Their leadership soundly has a far better way of showing their public how their proposed BRT corridor will be enhanced and how development can be attracted to the Michigan Avenue/Grand River Avenue BRT corridor. The Board of ITP/The Rapid apparently has some sort of mental block or deficiency that prevents them from showing readily available and positive BRT-related development and ridership increases in other existing communities including with Cleveland's Healthline BRT, with San Bernadino CA's E Street BRT, with San Francisco's Van Ness Avenue BRT and Oakland CA's East Bay BRT.

CATA is even pushing for a more robust system out of the gate; even using language like "all the bells and whistles". There is MUCH GR can learn from CATA's example of vision and leadership on BRT use even before one piece of equipment is moved to begin the construction of GR's Silverline BRT.

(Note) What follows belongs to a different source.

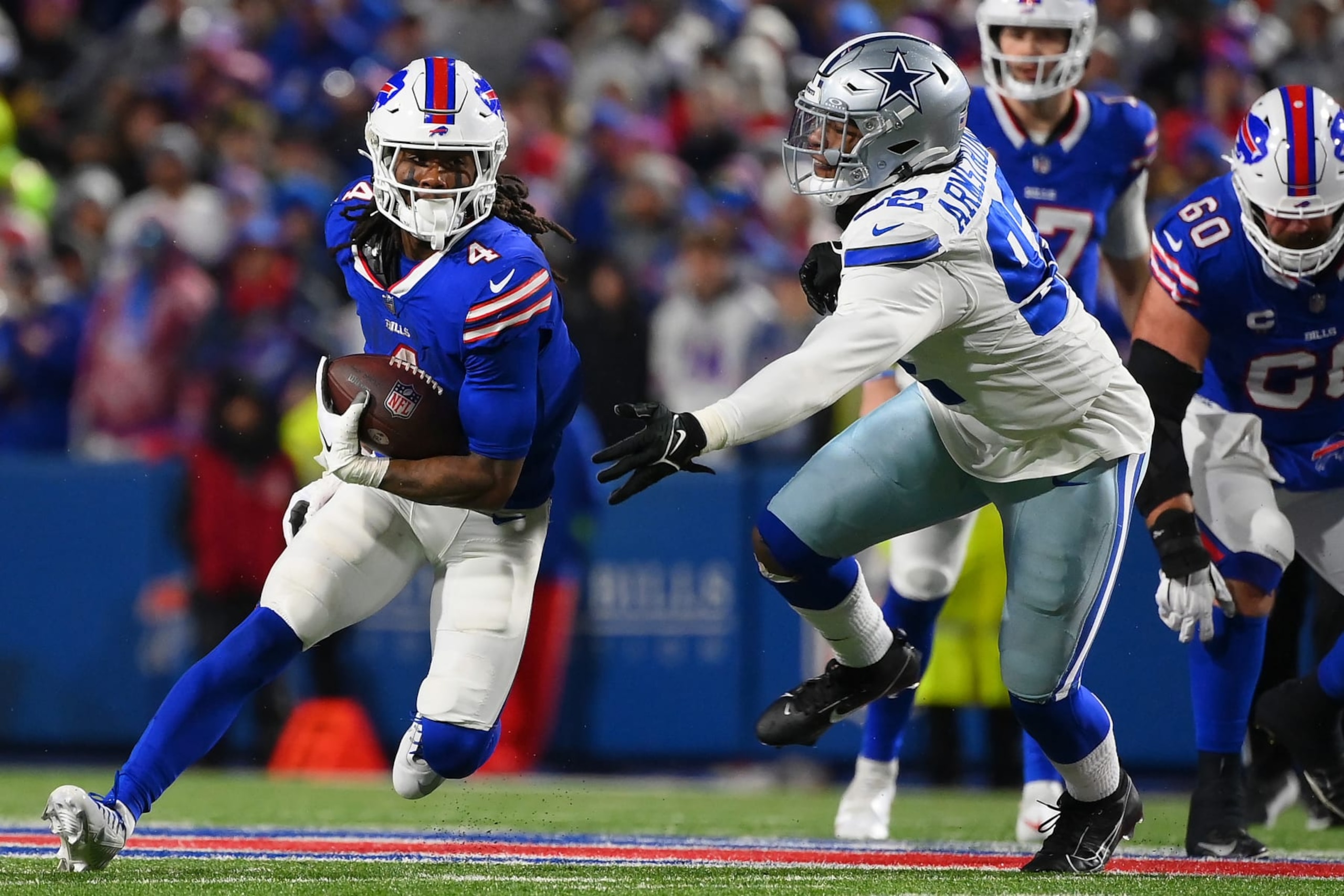ORCHARD PARK, NEW YORK - DECEMBER 17: James Cook #4 of the Buffalo Bills runs past Dorance Armstrong #92 of the Dallas Cowboys during the second quarter at Highmark Stadium on December 17, 2023 in Orchard Park, New York. (Photo by Rich Barnes/Getty Images)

Egad, here GR goes AGAIN - actually being development-wise a "young adult" city that at its pivotal moment of transit opportunity is acting development-wise like a "tight-wound insecure little kid that does not inwardly believe in its potential to live up to its GRAND moniker". The Silverline better come with all the bells and whistles too or it will vindicate the transit naysayers by becoming the costly redundancy of ITP Route #1 that it was seen by them as being. Said more plainly: IF THE SILVERLINE DOES NOT BRING IT, METRO GR TRANSIT EXPANSION WILL BE A GLOOMY AND NEARLY PERPENDICULAR PERMANENT UPHILL BATTLE.

We have great opportunity in our hands now. We just need the courage to produce something that minimally has the vision of Lansing. Good grief - WAKE UP GR!!